START Data for processing
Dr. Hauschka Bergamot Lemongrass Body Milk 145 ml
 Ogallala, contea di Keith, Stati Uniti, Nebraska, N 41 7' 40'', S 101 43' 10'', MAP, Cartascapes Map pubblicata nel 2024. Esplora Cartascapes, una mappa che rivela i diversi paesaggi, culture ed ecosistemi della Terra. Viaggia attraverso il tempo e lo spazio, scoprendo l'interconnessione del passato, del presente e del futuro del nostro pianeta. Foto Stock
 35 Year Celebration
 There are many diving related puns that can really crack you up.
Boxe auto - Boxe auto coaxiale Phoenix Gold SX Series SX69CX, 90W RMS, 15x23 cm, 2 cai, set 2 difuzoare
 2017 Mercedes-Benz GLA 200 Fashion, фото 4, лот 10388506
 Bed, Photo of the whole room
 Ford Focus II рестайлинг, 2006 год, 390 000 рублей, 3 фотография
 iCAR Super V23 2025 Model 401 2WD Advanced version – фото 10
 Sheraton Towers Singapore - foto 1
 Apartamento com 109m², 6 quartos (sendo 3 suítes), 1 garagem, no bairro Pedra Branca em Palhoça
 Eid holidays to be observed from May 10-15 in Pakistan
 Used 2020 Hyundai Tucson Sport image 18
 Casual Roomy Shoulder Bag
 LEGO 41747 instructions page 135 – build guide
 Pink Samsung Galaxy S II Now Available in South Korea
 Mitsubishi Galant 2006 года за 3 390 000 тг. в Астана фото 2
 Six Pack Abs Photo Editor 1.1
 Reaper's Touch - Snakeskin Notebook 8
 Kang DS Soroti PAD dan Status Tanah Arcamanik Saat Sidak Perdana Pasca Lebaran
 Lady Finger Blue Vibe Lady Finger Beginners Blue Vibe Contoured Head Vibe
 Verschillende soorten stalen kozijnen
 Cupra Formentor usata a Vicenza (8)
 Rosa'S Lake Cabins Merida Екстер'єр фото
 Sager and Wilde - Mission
END Data for processing
Task to complete ▸ Say how many lines in the data hold the string "Photo". No other content should accompany the number.

Reply ▸ 2